---------- AVAILABLE RECORDS ----------

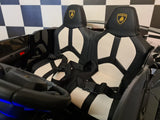 Lamborghini Aventador 24V drift elbil til børn – 2 personer, metallic sort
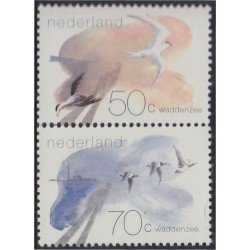 Holanda 1179/80 1982 El mar de Wadden Aves de la region MNH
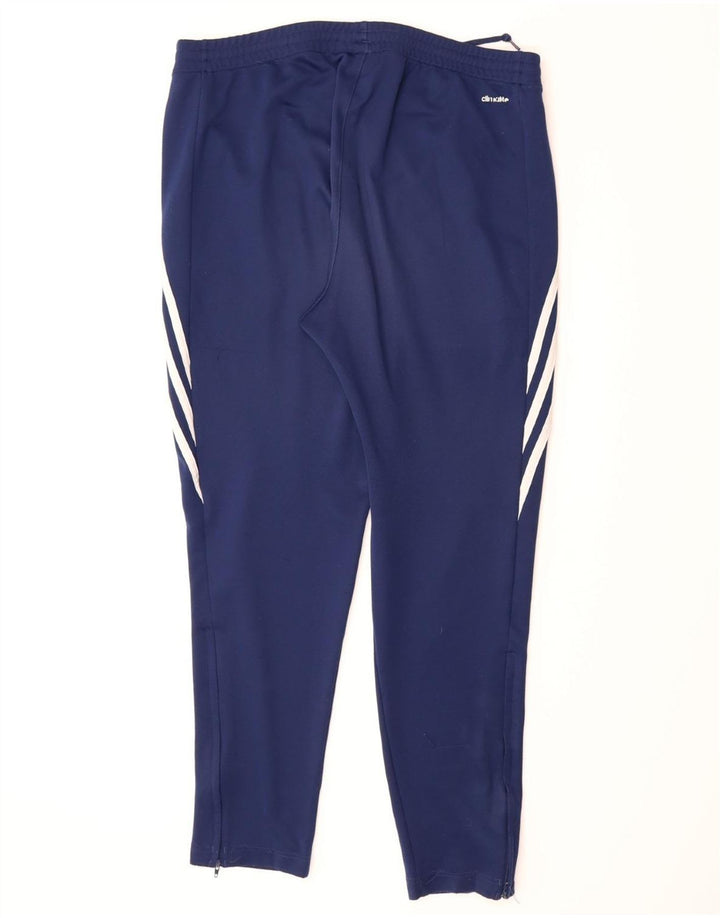 ADIDAS Mens Climalite Tracksuit Trousers Large  Navy Blue Polyester Vintage Adidas and Second-Hand Adidas from Messina Hembry 
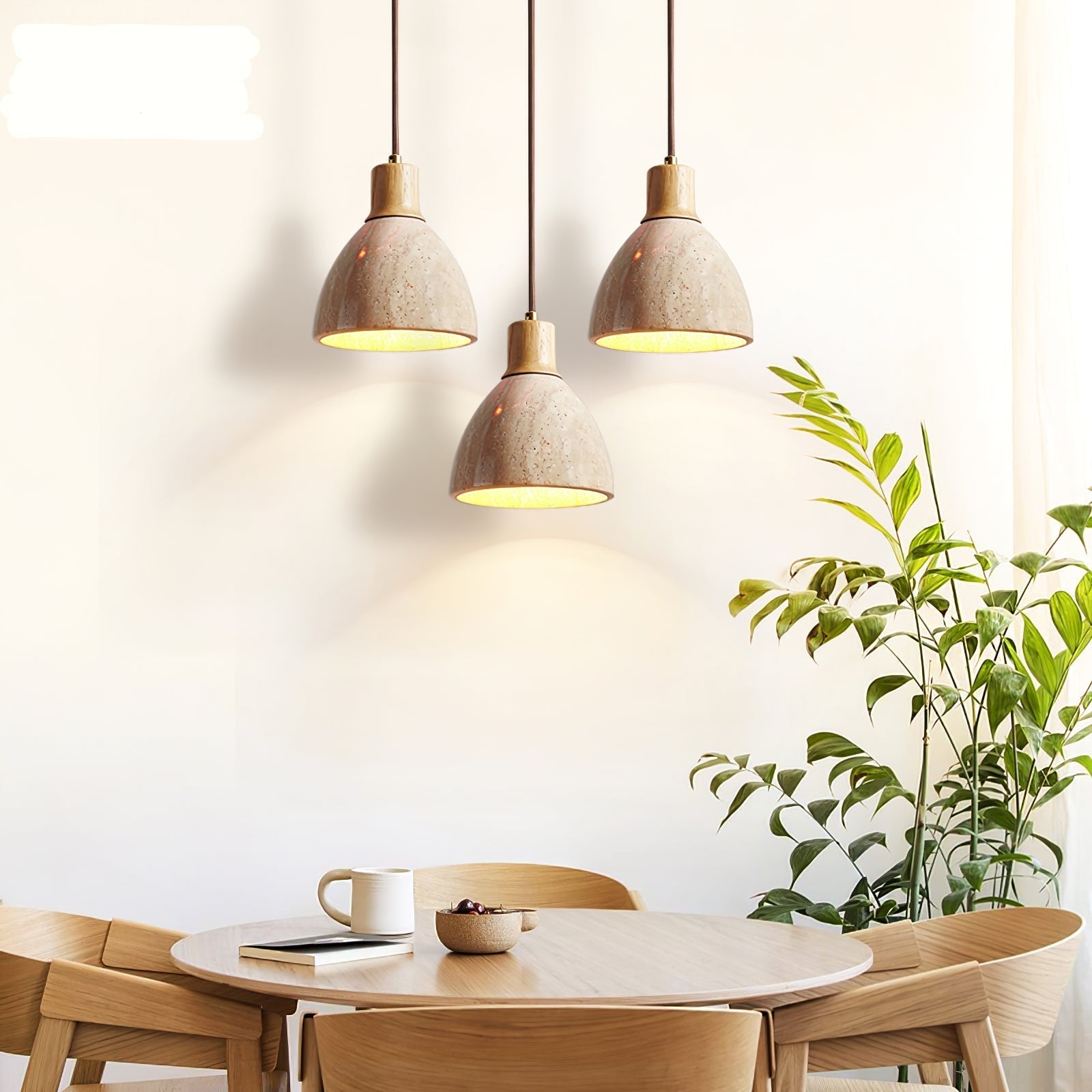 Rond Pendant Light-Neutral Decor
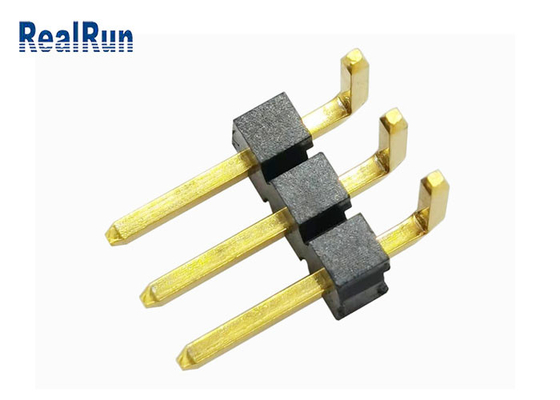 Au d'ottone 3μ» Pin Header 1*3P H3.2 dello SGS LCP di LCP Pin Header Connector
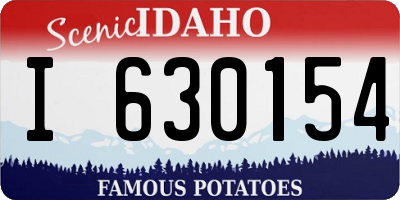 ID license plate I630154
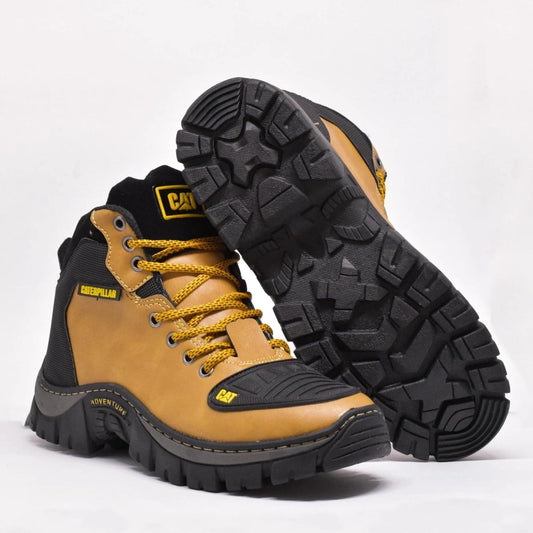 Bota Caterpillar Adventure Cano Médio Para Aventureiros e Trabalho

----------

WHAT THE EXERCISE ASKS - Please quote the records above exactly, beginning at the line that contains "Pin Header Connector" and ending at their last line. Leave the pictures out.

SOLUTION TO THE EXERCISE -
 Au d'ottone 3μ» Pin Header 1*3P H3.2 dello SGS LCP di LCP Pin Header Connector
 ID license plate I630154
 Bota Caterpillar Adventure Cano Médio Para Aventureiros e Trabalho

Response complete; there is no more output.